>>>

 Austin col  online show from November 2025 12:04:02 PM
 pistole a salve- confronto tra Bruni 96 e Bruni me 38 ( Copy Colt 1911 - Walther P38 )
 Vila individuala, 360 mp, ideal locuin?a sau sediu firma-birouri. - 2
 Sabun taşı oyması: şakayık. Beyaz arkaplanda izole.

<<<
>>>

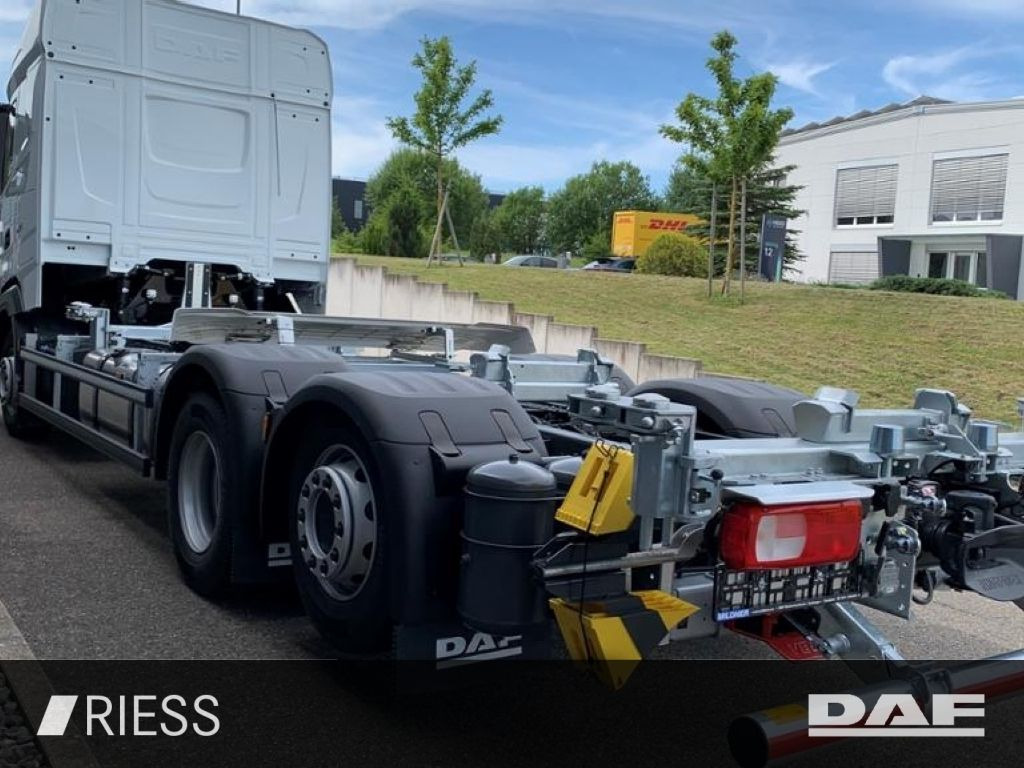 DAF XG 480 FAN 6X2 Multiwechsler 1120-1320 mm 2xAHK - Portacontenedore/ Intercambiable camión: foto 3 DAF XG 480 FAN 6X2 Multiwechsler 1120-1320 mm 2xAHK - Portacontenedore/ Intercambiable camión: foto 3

<<<
>>>

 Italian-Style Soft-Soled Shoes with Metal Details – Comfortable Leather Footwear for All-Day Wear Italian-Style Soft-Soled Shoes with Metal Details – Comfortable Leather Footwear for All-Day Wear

<<<

Please transcribe only the lines in the records above running from the line that has "2025 12:04:02 PM" through the line that has "Sabun taşı oyması: şakayık.", both included, exactly as they appear.

 Austin col  online show from November 2025 12:04:02 PM
 pistole a salve- confronto tra Bruni 96 e Bruni me 38 ( Copy Colt 1911 - Walther P38 )
 Vila individuala, 360 mp, ideal locuin?a sau sediu firma-birouri. - 2
 Sabun taşı oyması: şakayık. Beyaz arkaplanda izole.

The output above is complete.